Sales at Ford Motor Co. ( F ) ebbed 7% to 43,338 vehicles from the prior year. The decline in sales was mainly attributable to a 19% fall in sales to 13,721 vehicles in November by Jiangling Motors Corp., the automaker's commercial-vehicle joint venture in China.

In contrast to China, light vehicle sales in the U.S. escalated 10.6% to seasonally adjusted annual rate (SAAR) of 13.6 million units in November from 12.28 million in the same month of 2010 while total deliveries went up 13.9% from the year-ago level.
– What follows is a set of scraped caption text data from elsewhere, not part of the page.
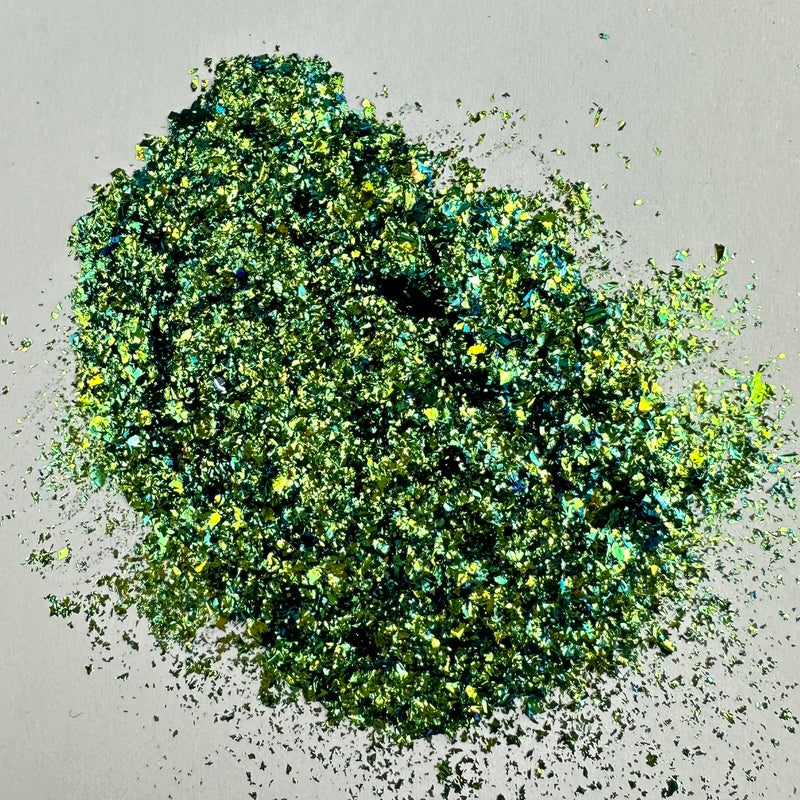 Chameleon Flakes - Yellow Green to Blue Green (1000-3000um)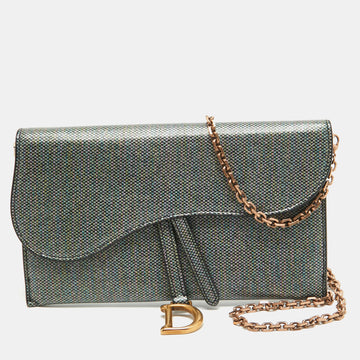 DIOR Multicolor Printed Leather Saddle Wallet on Chain
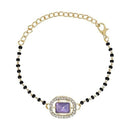 Etnico Gold Plated Traditional Adjustable Black Beads Mangalsutra Bracelet with White Pendant for Women (MB013Pu)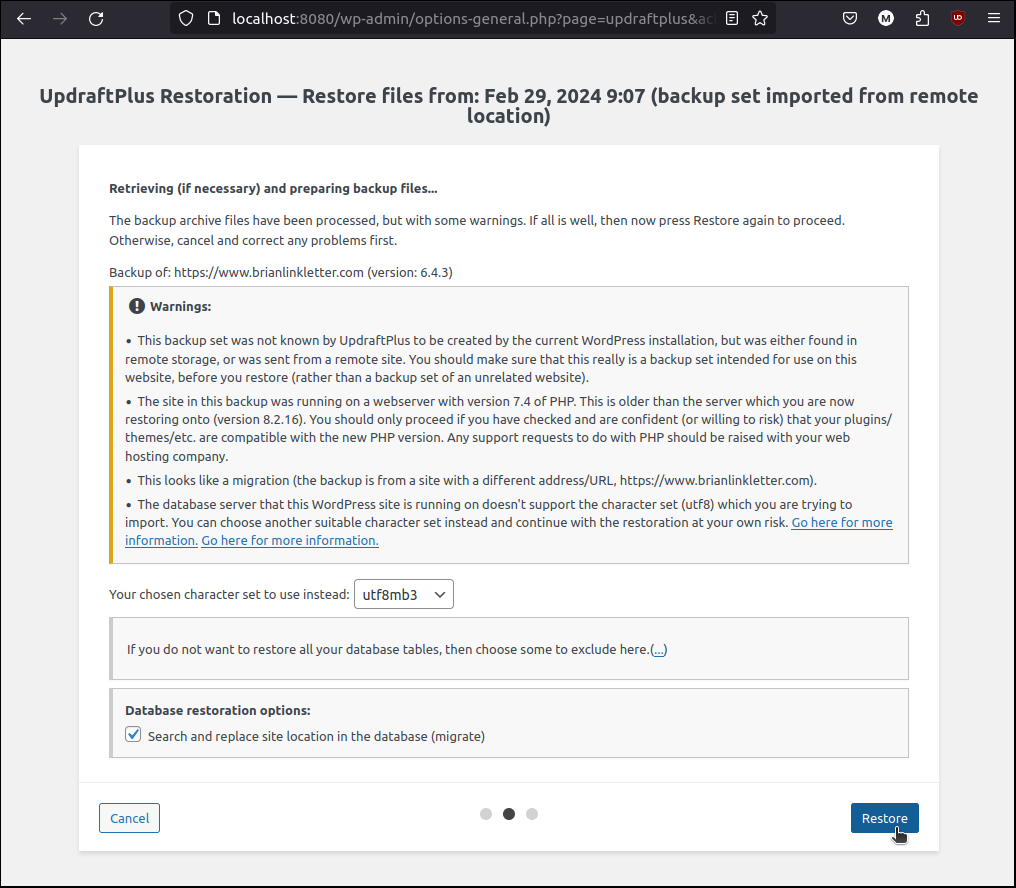 Migrate database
November was the third straight month when annualized vehicle sales have topped 13 million mark.

The SAAR of 13.6 million units is also the highest sales rate since August 2009 when the U.S. government launched the "Cash for Clunkers" trade-in incentive program. It is also a significant increase from 12.6 million units for the first 10 months of the year. The improvement was attributable to pent-up consumer demand in the country.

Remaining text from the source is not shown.